*** Working data Section Begins ***

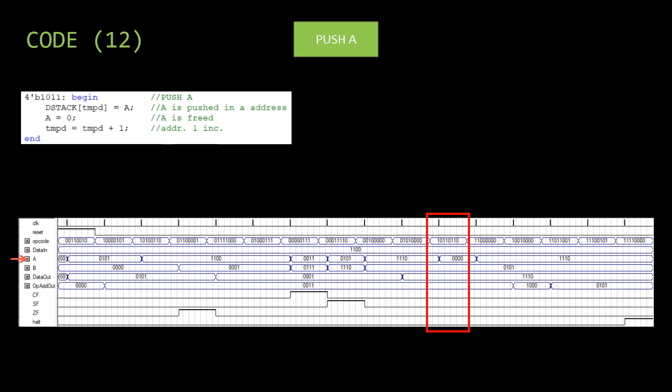Next PUSH A is performed. Data stored in A is stored in address stack. If A is freed, pointer is updated.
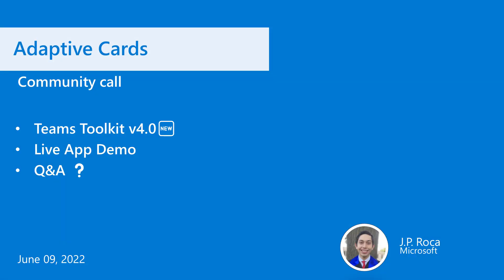Welcome everyone to the Adaptive Cards Community Call, June edition. Today we'll be talking about the Teams Toolkit version 4.0 that was recently announced at Build. I'll go over a live app demo and then we can move to our Q&A section. We were supposed to have someone from the Teams Toolkit team come and share this demo, but last minute they were unable to make it, so I'll go ahead and take over.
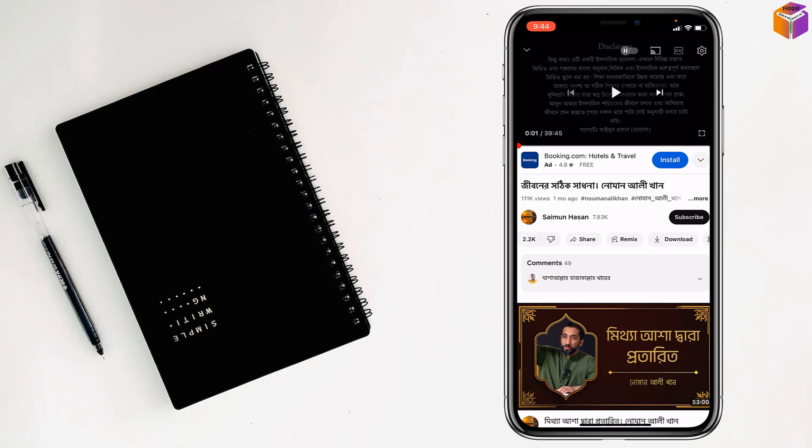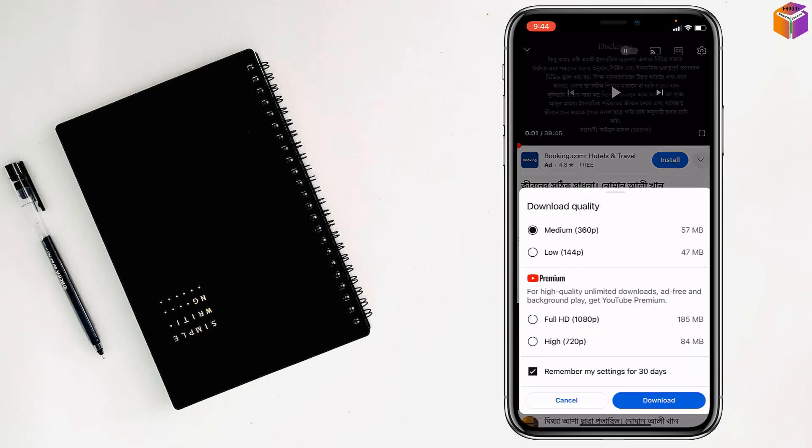Download has share, remix, download clip, save - just tap on download. And simply, you can select the quality like medium quality, low quality, and there is full HD.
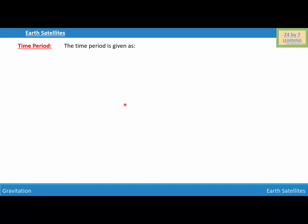Now let's find the time period. The time period is given as T = 2π(Re + H) / V0. Substituting the value of orbital velocity, we get T = 2π(Re + H)^(3/2) / √(G·Me). This is the time period for the Earth's satellite, and this is how we find the orbital velocity and time period for Earth's satellites.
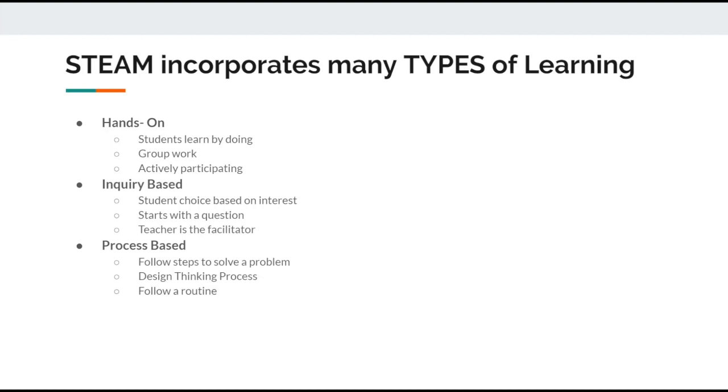Process-based learning helps students follow a set of steps to solve their problem. An example of this is called the design thinking process, which you will learn more about later in the presentation. Here, the students focus on following a routine.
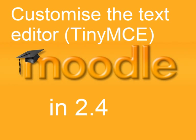This video will show you how in Moodle 2.4 you'll be able to customize the text editor so that the toolbar shows only the features that you want for your establishment.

*** Working data Section Ends ***

Problem details: Please transcribe exactly the lines from the start of the records through the line containing "Download has share, remix, download", leaving the pictures out.

Exercise answer:
Next PUSH A is performed. Data stored in A is stored in address stack. If A is freed, pointer is updated.
Welcome everyone to the Adaptive Cards Community Call, June edition. Today we'll be talking about the Teams Toolkit version 4.0 that was recently announced at Build. I'll go over a live app demo and then we can move to our Q&A section. We were supposed to have someone from the Teams Toolkit team come and share this demo, but last minute they were unable to make it, so I'll go ahead and take over.
Download has share, remix, download clip, save - just tap on download. And simply, you can select the quality like medium quality, low quality, and there is full HD.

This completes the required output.